§ How to complete this task
Your response to the data below should hold nothing except the lines from the one containing "Custom Solid 18k" down to the one containing "Gobelets En Papier", reproduced exactly and without pictures.

§ Source records

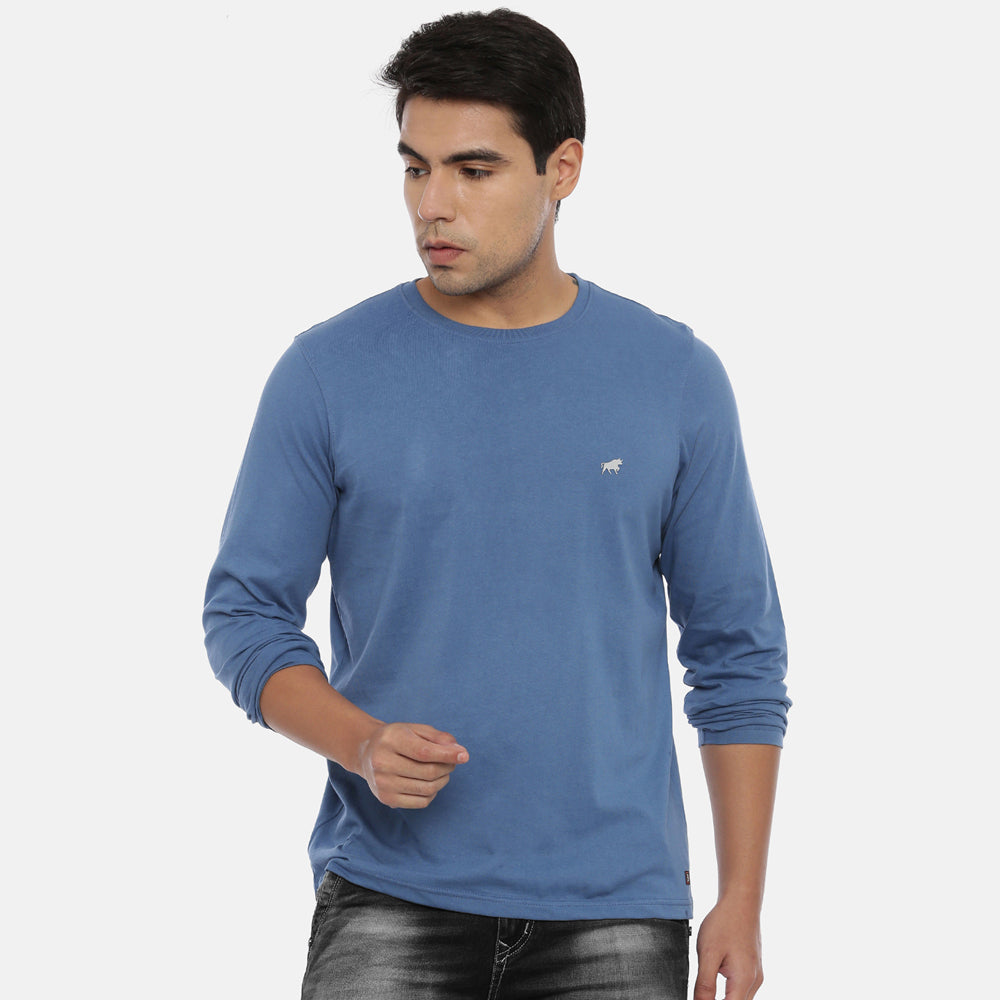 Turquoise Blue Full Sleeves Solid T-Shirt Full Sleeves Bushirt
---
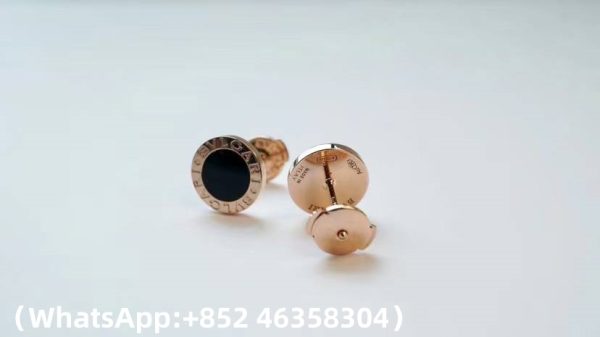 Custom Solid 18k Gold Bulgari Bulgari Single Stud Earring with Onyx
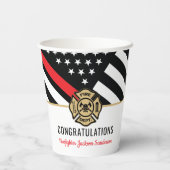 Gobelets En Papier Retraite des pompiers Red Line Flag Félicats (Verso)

§ Written response
 Custom Solid 18k Gold Bulgari Bulgari Single Stud Earring with Onyx
 Gobelets En Papier Retraite des pompiers Red Line Flag Félicats (Verso)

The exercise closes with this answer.